Je me suis réveillée en sueur, le ventre endolori. J’ai passé une main entre mes cuisses. J’avais mes règles…Pour la première fois depuis…40 ans, au moins ! J’ai éclaté de rire. Et puis j’ai pensé que cela allait être une difficulté de plus à gérer dans ce monde sans confort. Heureusement, dans notre exploration immobilière, hier, j’avais trouvé des rouleaux de papier toilette…C’était déjà ça !
Quand le soleil s’est levé, Nicolas est sorti de sa chambre comme un coq de son poulailler : en chantant. C’était un vieil air, une vieille rengaine. It’s been a hard day’s night…
Il avait probablement mieux dormi que moi.
Je lui ai raconté mon cauchemar. Je lui ai dit que j’avais mal au ventre.
« Attends un moment, j’ai ce qu’il te faut. » Et il m’a fait une tisane aux graines de fenouil.
J’aurais préféré du Doliprane mais il faut que je m’adapte. Il faut que j’accepte que je vis dans un monde nouveau.
Malgré mes doutes, le fenouil m’a calmée. Je suis retournée dans la maison du papier toilette en espérant trouver des serviettes ou des tampons. Ce village est mon supermarché. Même si on ne pourra pas compter sur un ravitaillement régulier.

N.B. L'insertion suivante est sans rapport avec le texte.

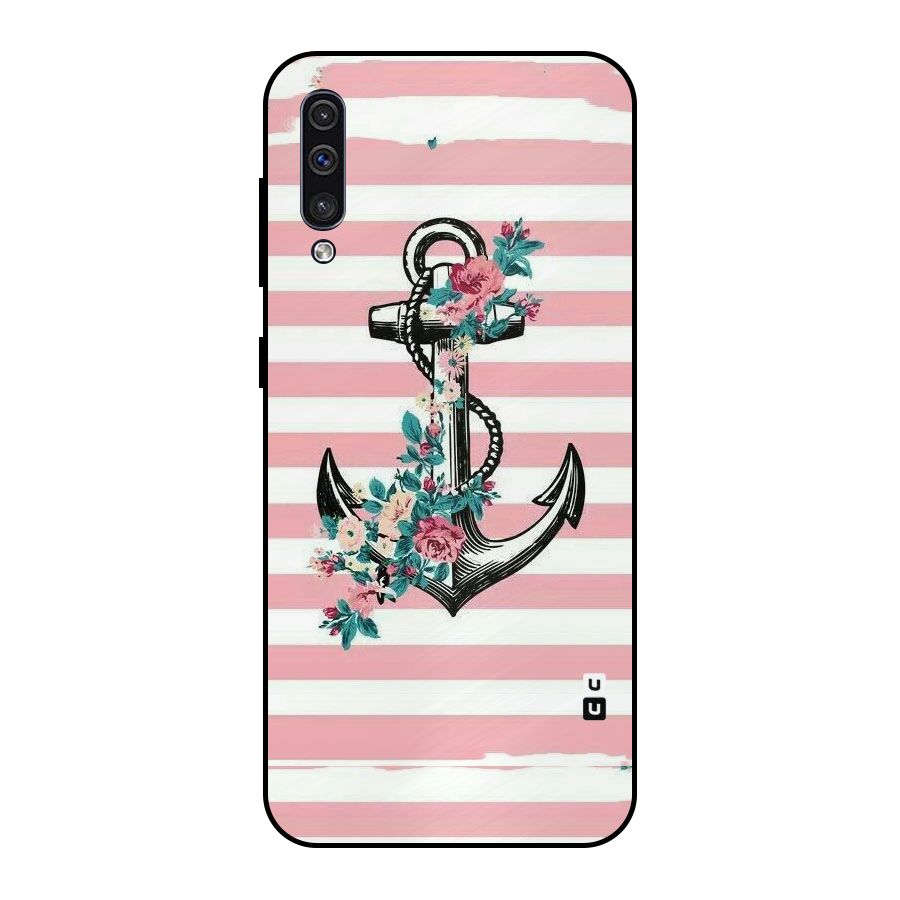 Floral Anchor Metal Back Case for Galaxy A30s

J’ai trouvé des tas de choses : des produits ménagers, des boîtes de conserves, du savon, des draps, de la lessive…j’ai fait mon marché. Et je suis retournée à la maison sélectionnée la veille pour essayer d’en faire quelque chose.

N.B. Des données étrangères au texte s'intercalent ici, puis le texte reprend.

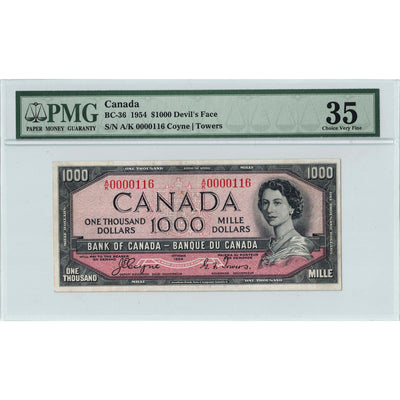 SOLD $1000 1954 Bank of Canada Note Devil Face Low #116 BC-36 - PMG VF-35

J’ai commencé le grand ménage, du sol au plafond. Nicolas a ramoné la cheminée et a relancé le fourneau. On a délogé des insectes et des rats. Des cadavres de chauves-souris.
On a testé en riant des boîtes de conserves périmées depuis vingt ans au moins. Tout avait un goût de fer. Nicolas est allé chercher de la viande séchée et des haricots grains de son jardin et a mis mijoter cela sur le coin du feu, avec des herbes…Une véritable potion magique. L’allégresse avec laquelle nous avons travaillé m’a fait oublier un peu plus que j’avais quatre-vingt-dix ans. J’ai réellement retrouvé l’énergie et l’insouciance de mes vingt ans.
On s’est embrassés. On a retrouvé des livres d’enfant, dans cette vieille maison : Le Club des Cinq, Harry Potter, Boule et Bill. A chaque fois, c’était une bouffée de nostalgie et comme un surplus de jeunesse qui nous était accordé comme par magie.
On n’en revenait pas.
On a retrouvé des piles, un poste radio et tout un tas de CD. Des antiquités, véritablement. Les piles du poste fonctionnaient encore et on a braillé des chansons de Queen, de Mickael Jackson, de Madonna. On était jeunes et vieux à la fois. C’était bizarre et c’était bon.
La nuit est tombée. J’ai un toit sur la tête, j’ai un lit avec des draps propres. Je suis au chaud et en sécurité. Aucune raison d’avoir peur du loup.